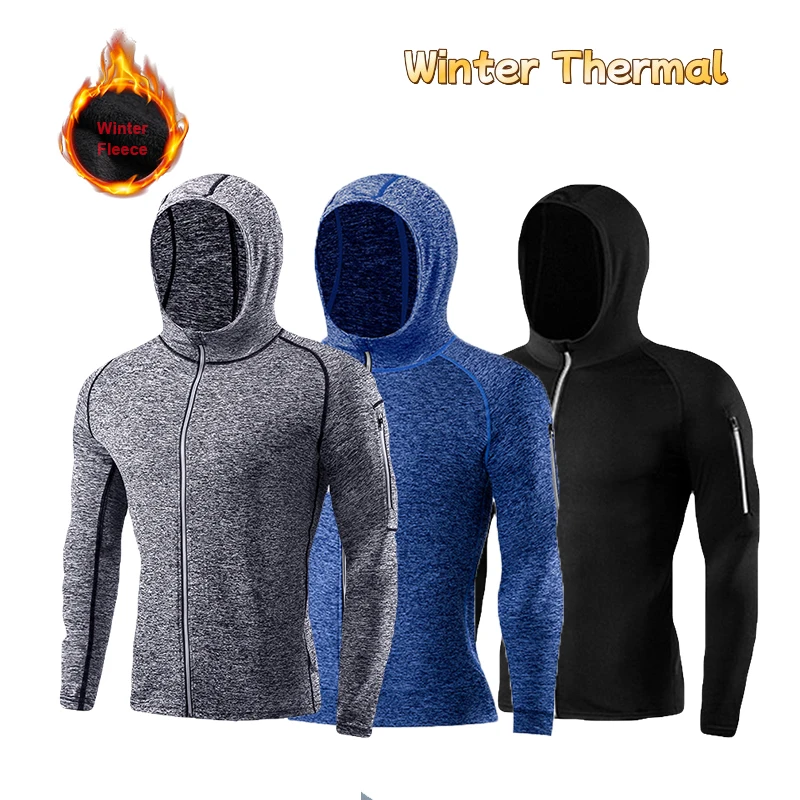 

2/3 Piece Men Running Jackets Bodybuilding Hoodies Winter Gym Sports Top Sweatshirt Training Fitness Equipment Outdoor Wear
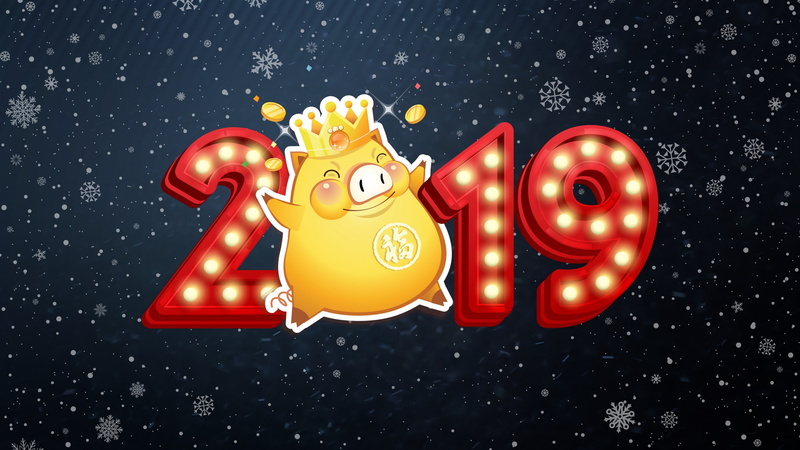 happy new year, dark, the year of pig, snowflakes, horoscope, fortune, luck, pig, 2019, chinese new year, new year, 4K, graphics, chinese horoscope, gold pig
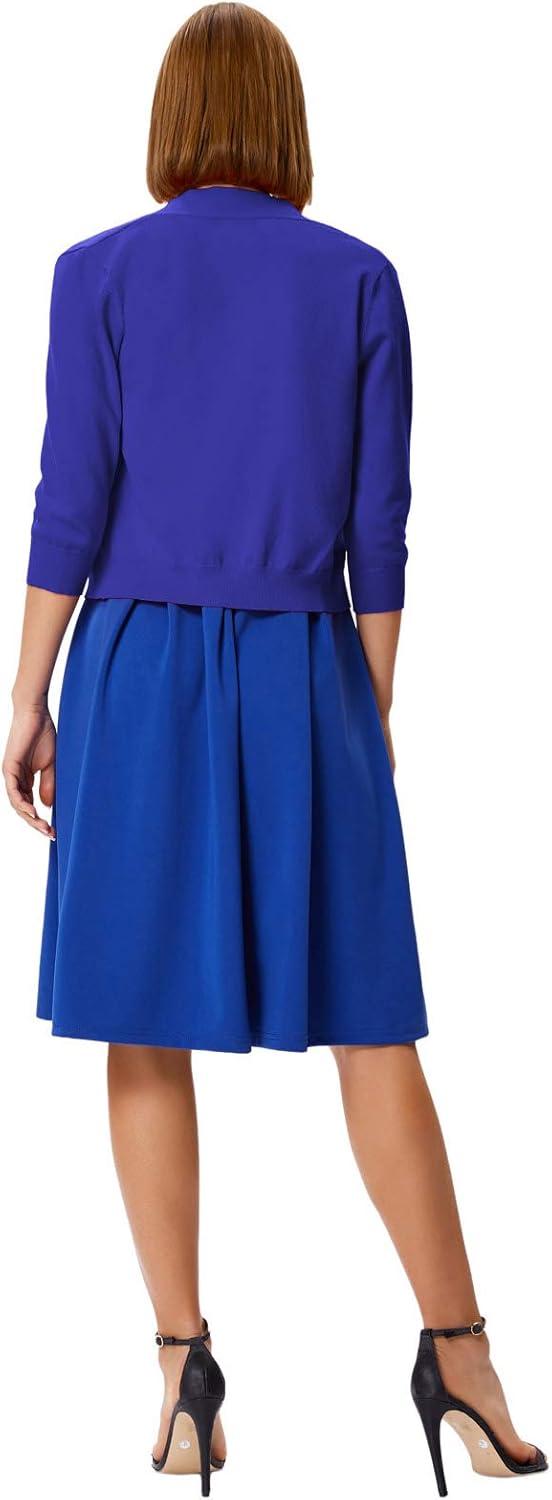 imageGRACE KARIN Women Cardigan Sweaters Lightweight Knit Cropped Cardigans Trendy 34 Sleeve Shrug Bolero S3XLRoyal Blue
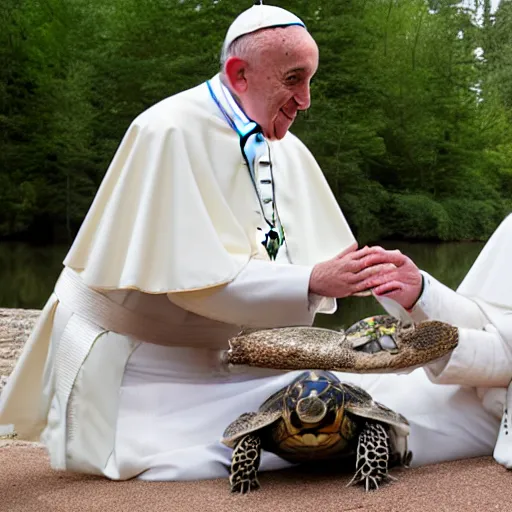 Image similar to cute photo of Pope Francis blessing pond turtle, HD photography, Canon eos r3, 8k resolution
::::::::
## Exercise
Could the material above be given again exactly, pictures excluded?

## Response below
2/3 Piece Men Running Jackets Bodybuilding Hoodies Winter Gym Sports Top Sweatshirt Training Fitness Equipment Outdoor Wear
 happy new year, dark, the year of pig, snowflakes, horoscope, fortune, luck, pig, 2019, chinese new year, new year, 4K, graphics, chinese horoscope, gold pig
 imageGRACE KARIN Women Cardigan Sweaters Lightweight Knit Cropped Cardigans Trendy 34 Sleeve Shrug Bolero S3XLRoyal Blue
 Image similar to cute photo of Pope Francis blessing pond turtle, HD photography, Canon eos r3, 8k resolution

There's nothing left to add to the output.